Mountain Lion Calls Hollywood Hills Home
Hollywood is home to bizarre sights, but a mountain lion roaming the Hollywood Hills?
Even more bizarre? Hollywood may be this big cat's home.
Surveillance video captured the lion strolling down Hollyridge Drive, a Hollywood street lined with multi-million dollar homes, on March 5. The homeowner who captured the video was hoping to catch suspects breaking into cars.
Imagine his surprise when instead of seeing a thief, he saw the mountain lion.
The 125-pound cat, known as P-22, picked a good spot to call home. The area he's been seen roaming is less than a mile away from Griffith Park's Bronson Canyon and about a mile and a half south of the iconic Hollywood sign.

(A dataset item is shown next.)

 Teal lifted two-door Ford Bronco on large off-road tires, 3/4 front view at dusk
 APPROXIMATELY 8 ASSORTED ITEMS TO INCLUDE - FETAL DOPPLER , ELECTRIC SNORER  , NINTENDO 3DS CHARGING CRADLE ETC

Steve Winters, a photographer for the National Geographic Magazine, captured P-22 strolling the Hollywood Hills.
"He wasn't drawn to the area. He was drawn to living," Winters told ABC News today. "If he didn't leave [the Santa Monica Mountains] he would've had to fight the alpha male. He left for self-preservation."
Winters said it took him six months to track down the mountain lion. He said the high volume of people hiking at Griffith made it almost impossible to follow P-22's tracks. Instead, Winters set up cameras around the area.
"I figure out where he goes, and I put remote cameras on those trails," Winters said. "We figure out where he goes by the collar, which is sending signals to a computer which has a map of Griffith. Every two hours it gives a point where the lion is moving."
The collar Winters is referring to is a radio-collar he put on the animal in August 2012. That collar is how researchers identified P-22 two years later.
Last fall, National Park Service wildlife biologists told The Los Angeles Times they think P-22 made the trek to the Griffith Park area all the way from the Santa Monica Mountains, about 20 miles west of the area.
Researchers said during that trip, the large cat crossed the 101 and 405 freeways.
"They're trying to find their own space, that's where they're leaving," Winter said. "It's [Santa Monica Mountains] not big enough for two or three males."
Winters said he captured these images to show just how close to wildlife we really are.
"It's incredibly import to try to illustrate how close we live to animals, even in our urban areas," he said.